The two Russian-border provinces of Lugansk and Donetsk rose up against the historic shift toward Europe that Kiev made in the wake of February’s ouster of an unpopular Moscow-backed president.

The separatist commanders have since declared their own republics and will settle for no less than Ukraine becoming a loose federation in which they manage most of their own affairs.

This option is backed firmly by Russia but rejected by Ukrainian nationalists who make up an important part of President Petro Poroshenko’s government.

Ukraine has remained tightly centralised since independence and is only now considering easing its hold over the country’s regions in order to stem public resentment over the relative prosperity enjoyed in Kiev.

Such problems undermined two deals reached in Minsk in September that Poroshenko was forced into after the rebels mounted a surprisingly effective counteroffensive.
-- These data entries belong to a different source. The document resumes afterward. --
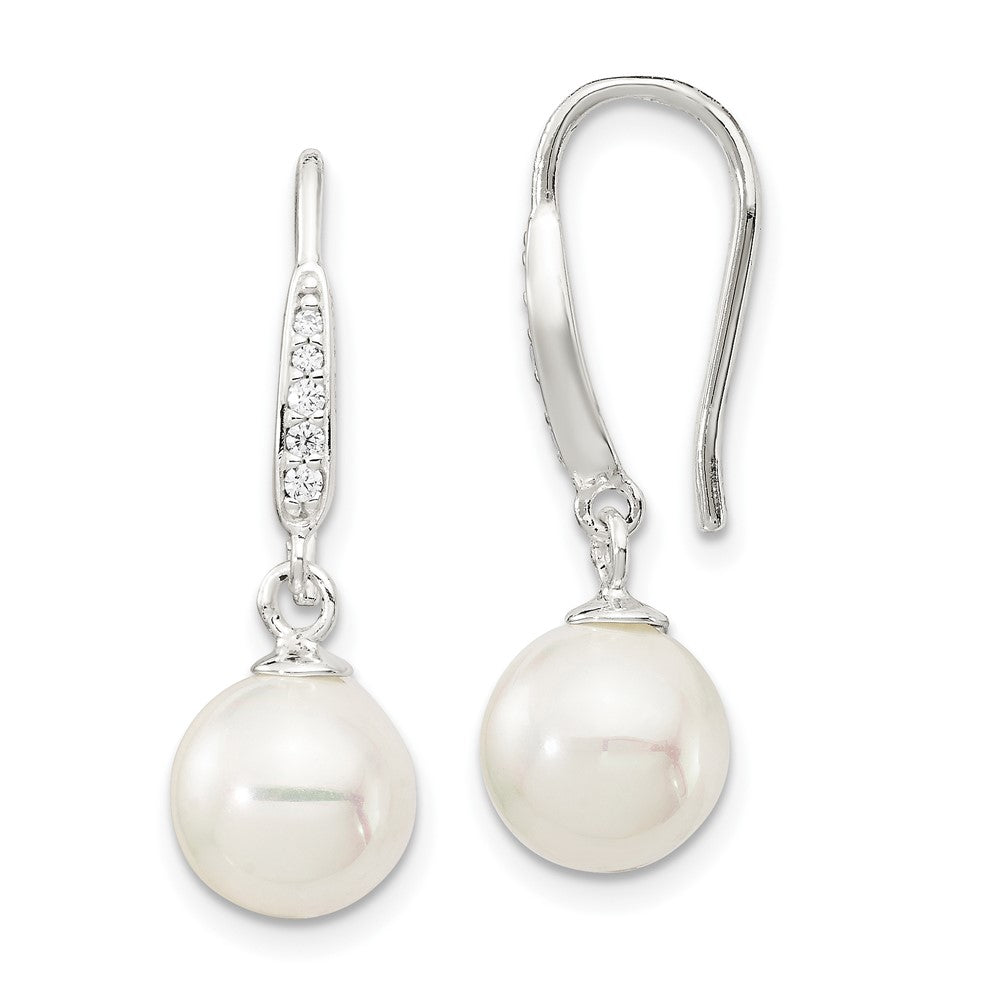 QE14776 Sterling Silver Rhodium-plated Polished White 7-8mm Shell Pearl & CZ Dangle Earrings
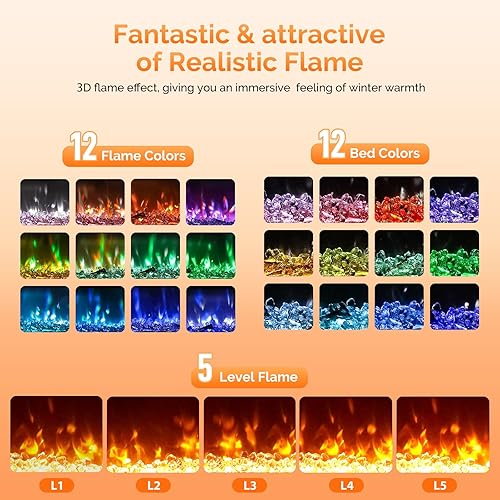 Miniatura 3 de ROVSUN 30'' Electric Fireplace, 2-in-1 Ultra-Thin Wall Mounted & Recessed Fireplace with WiFi & Remote Control & Touch Screen, 1500W Wall Heater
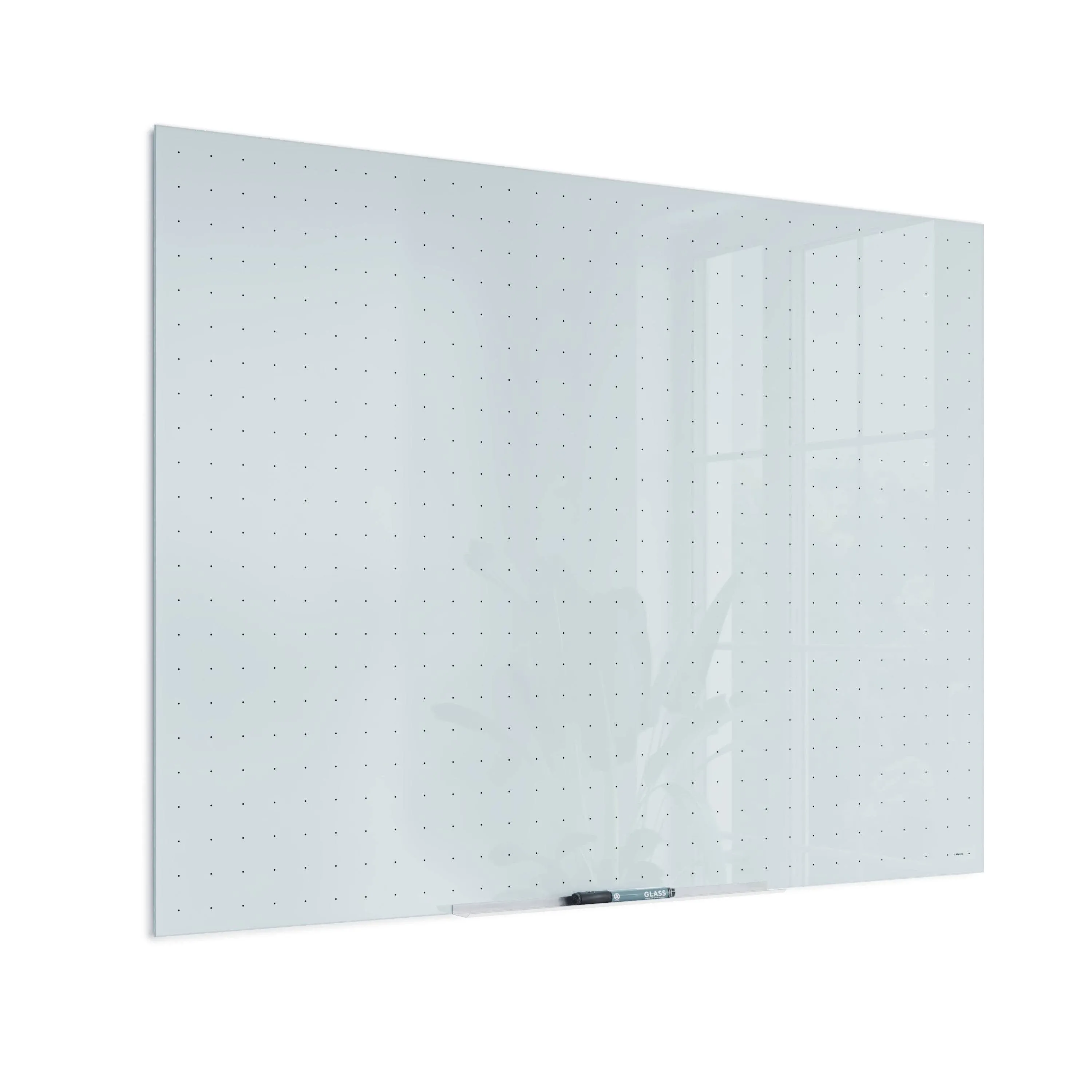 U Brands Floating Non-Magnetic Ghost Grid Glass Dry-Erase Board, 48 x 36 Inches, White Frosted Surface, Frameless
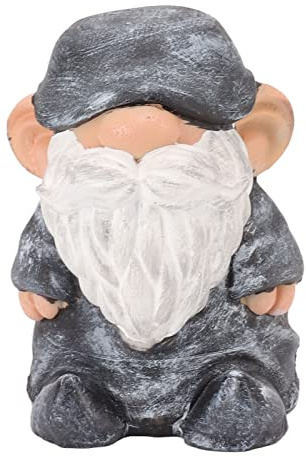 HOSEONFN pour décoration de Jardin, Statues d'extérieur, Nain en résine pour Patio, Ornement de Cour rétro avec Base Stable, Petite Taille pour Un Rangement Facile (Tête Plate Gris Noir)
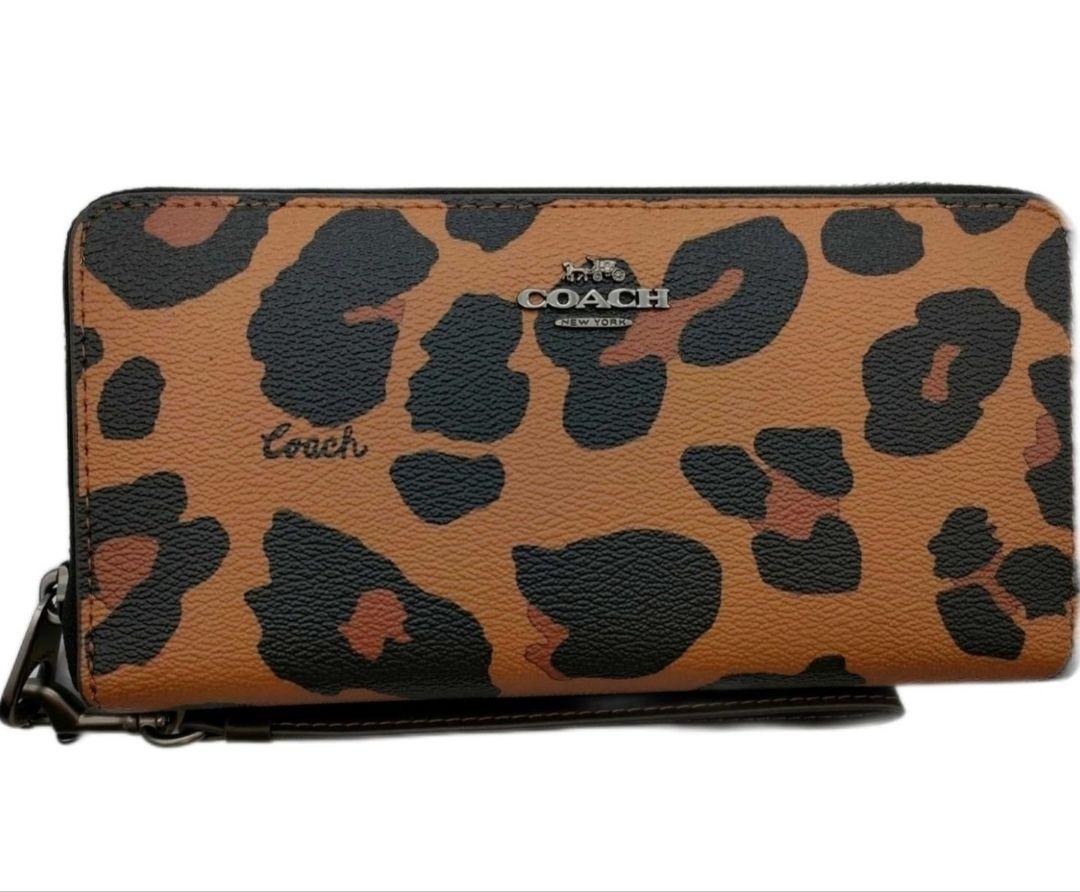 COACH コーチ 長財布 レオパード ヒョウ柄 cc865 - メルカリ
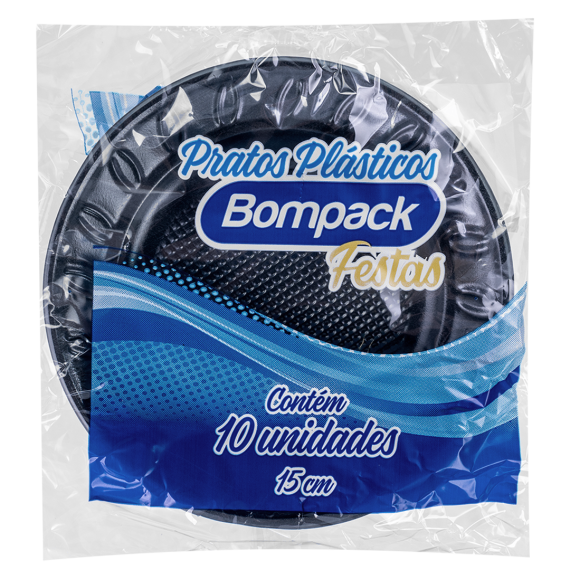 PRATOS PLASTICO PRETO C/10 BOMPACK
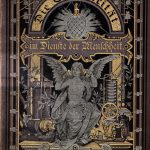 Poster in German depicting an angel figure holding electrical connectors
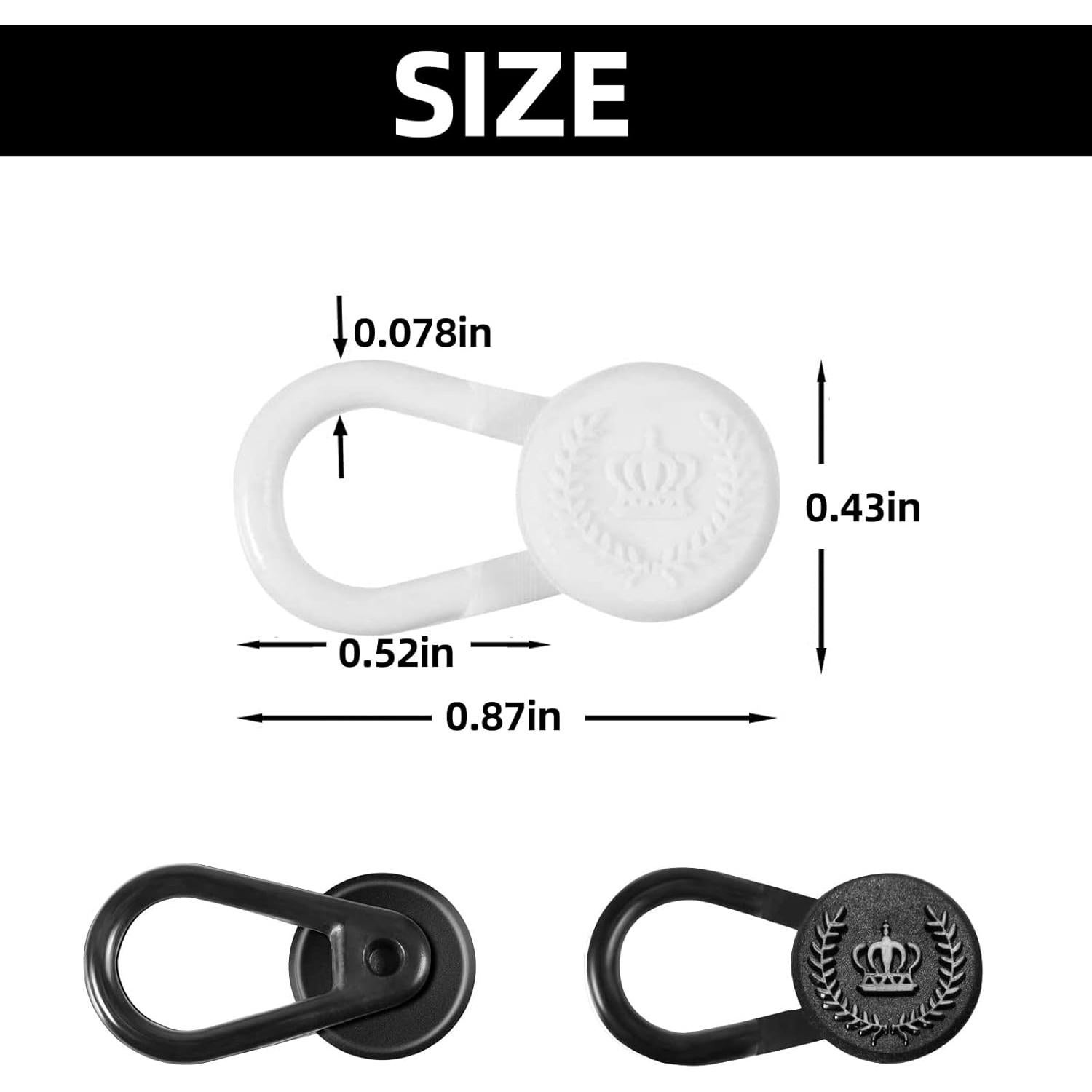 20 Extensores de Cuello de Camisa ZOMAND Negro y Blanco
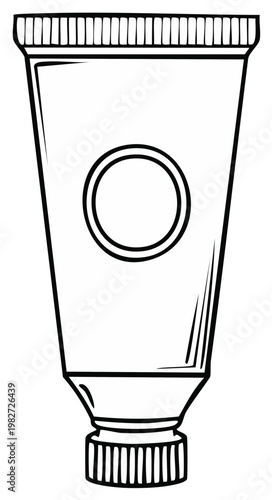 Outline illustration of a tube of paint with cap isolated on white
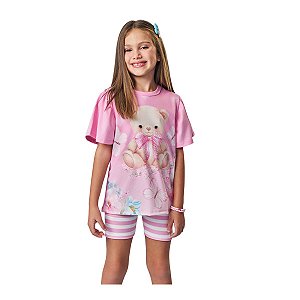 Conjunto Blusa e Bermuda Ciclista Listrada Infantil Ursinho Rosa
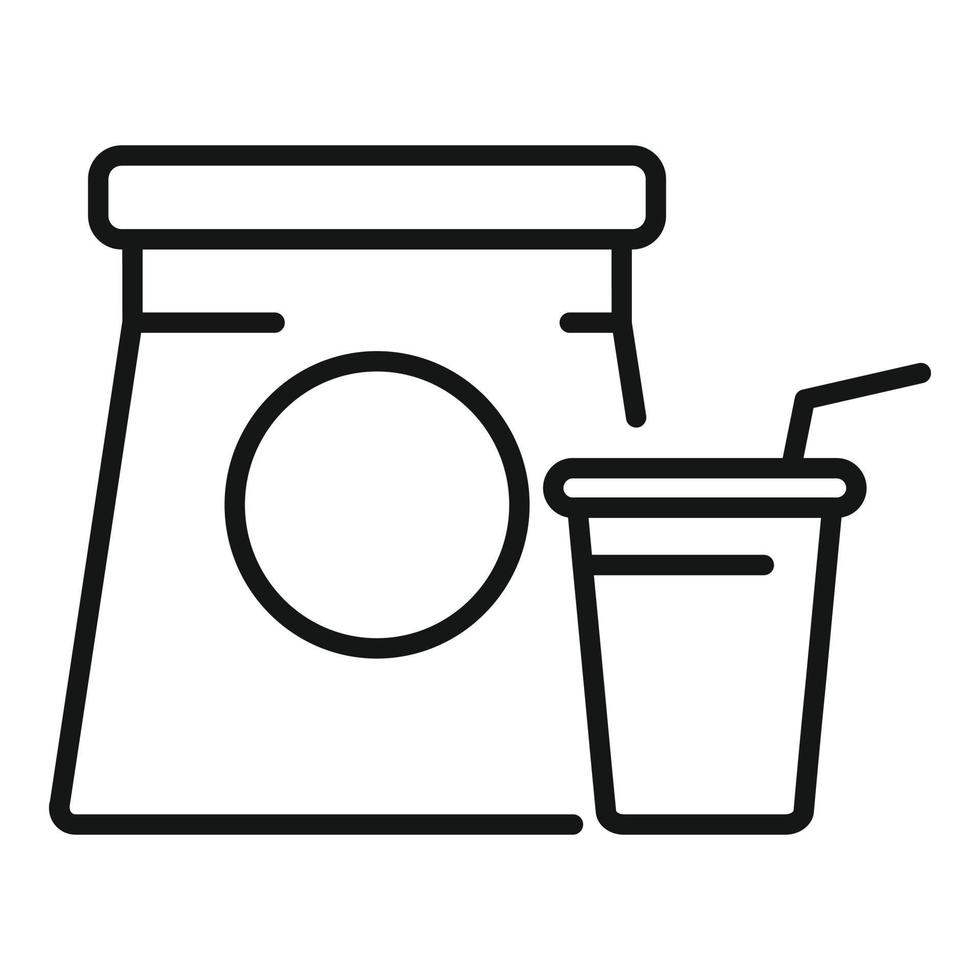 Drink meal icon outline vector. Lunch food vector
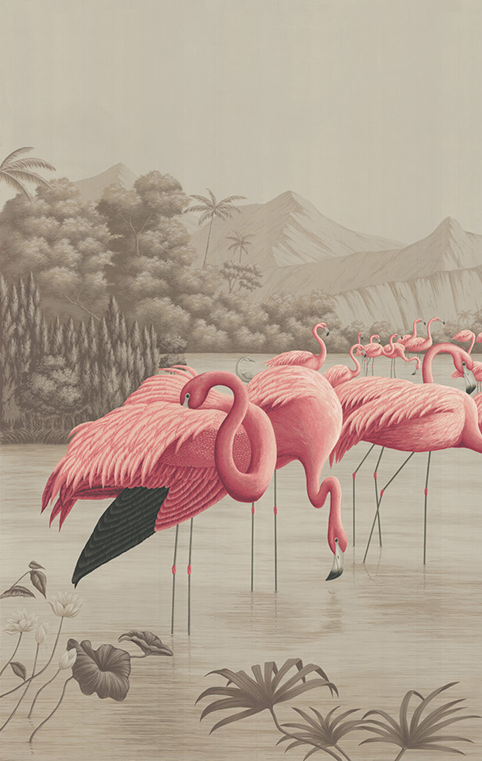 Papier peint panoramique Lagune Rosée | John James Audubon Maison Soubise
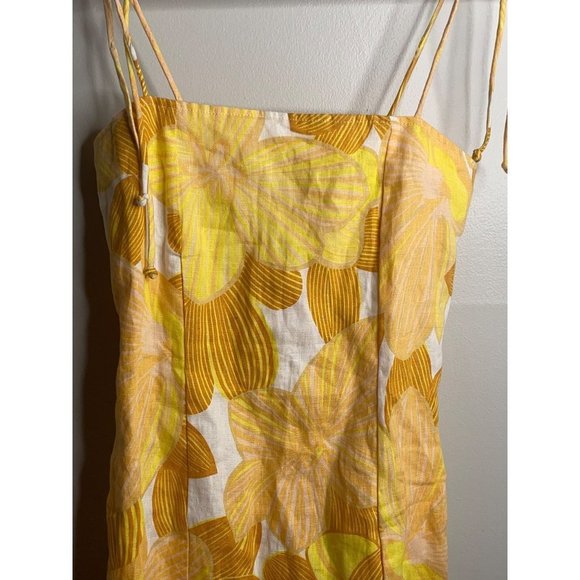 Anthropologie Faithfull The Brand Mini Dress Sundress Yellow Floral Print Size S - Picture 5 of 7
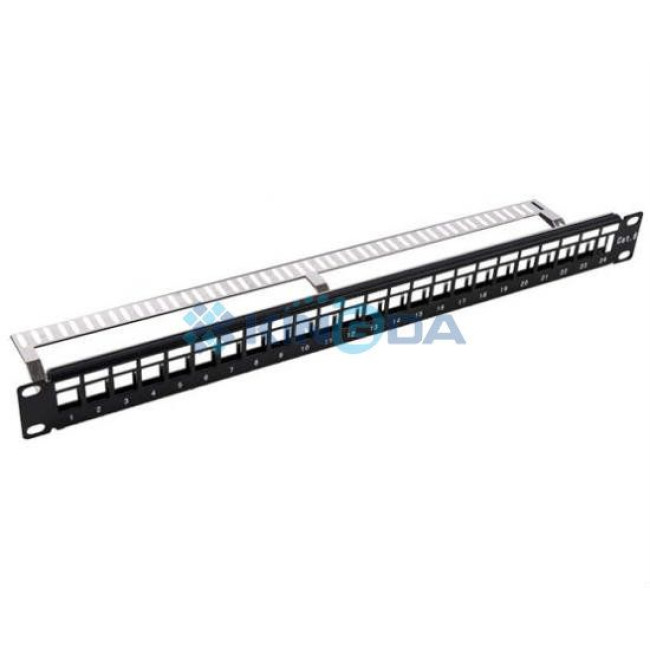 Патч-панель незаповнена під кейстоуни, STP, 1U KINGDA KD-PP23-STP-BK-24P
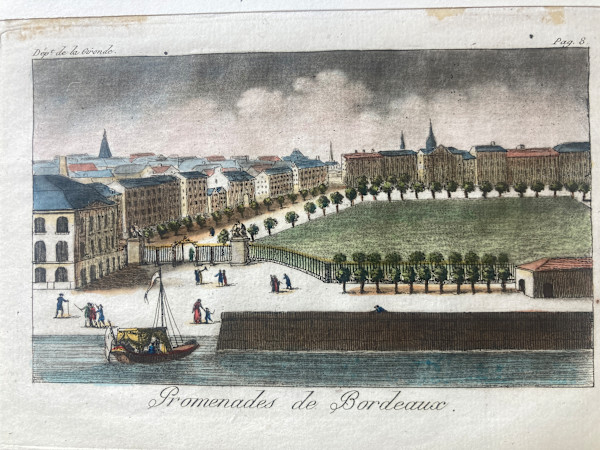 Hand colored engraving circa 1860's ~ Promenades de Bordeaux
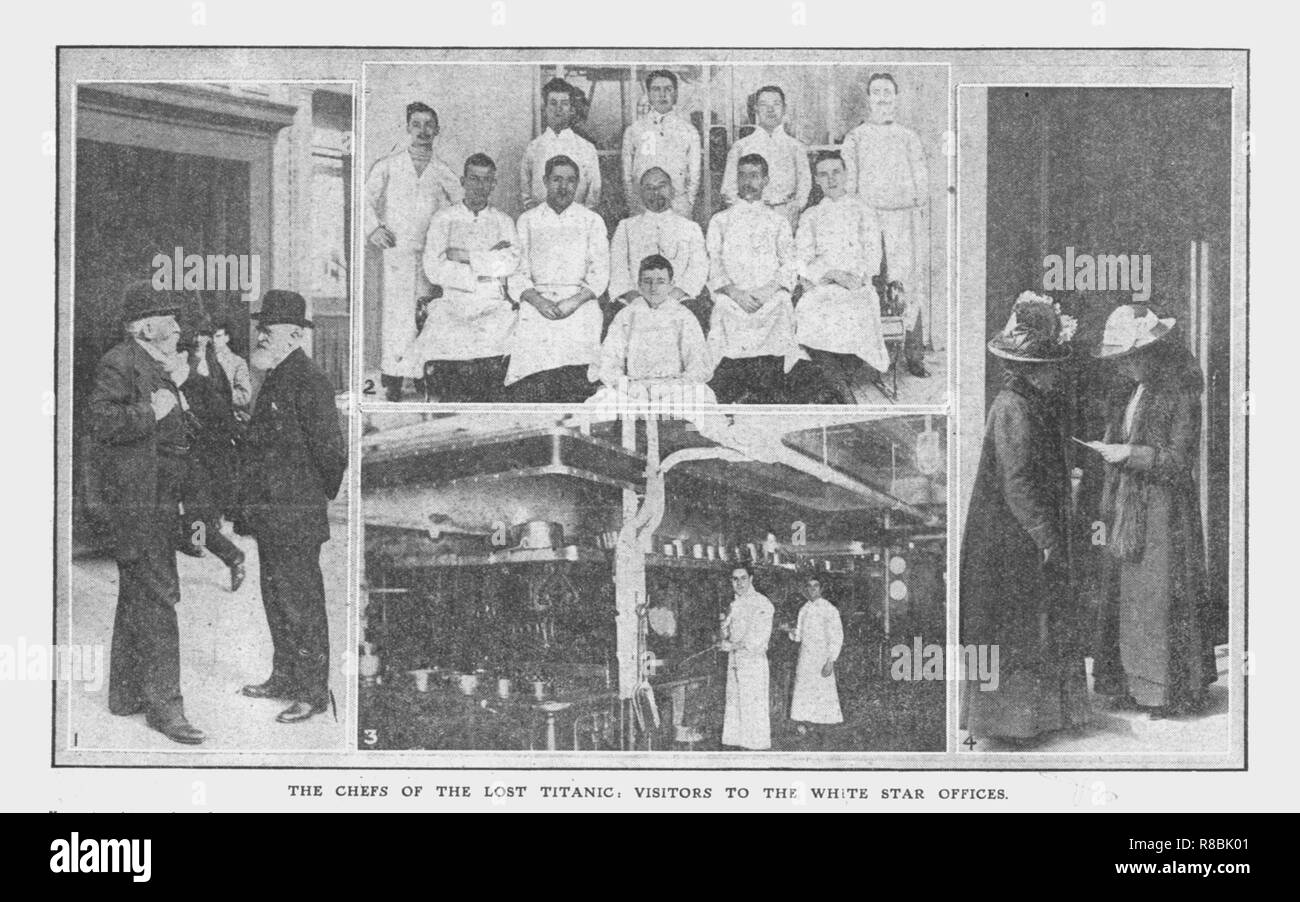 "Die Chefs der verlorenen Titanic' und 'Besucher der White Star Büros", 20. April 1912. Schöpfer: Unbekannt. Stockfoto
Nato believes the rebel campaign was backed by crack Russian forces and tanks, which were also seen by journalists on the ground.

Volunteers
Russian President Vladimir Putin denies the soldiers from his army who have crossed into Ukraine are there under orders, instead describing them as “volunteers” who are “answering the call of the heart”.

The overall toll in the Ukraine conflict – Europe’s bloodiest since the Balkan wars of the 1990s – is more than 4 700. The war has caused friction between many of the country’s Ukrainian and Russian speakers that may take generations to heal.

The biggest immediate issue for the rebels is to make sure that Kiev resumes social welfare payments it suspended last month out of fear that they were being used to fund the revolt.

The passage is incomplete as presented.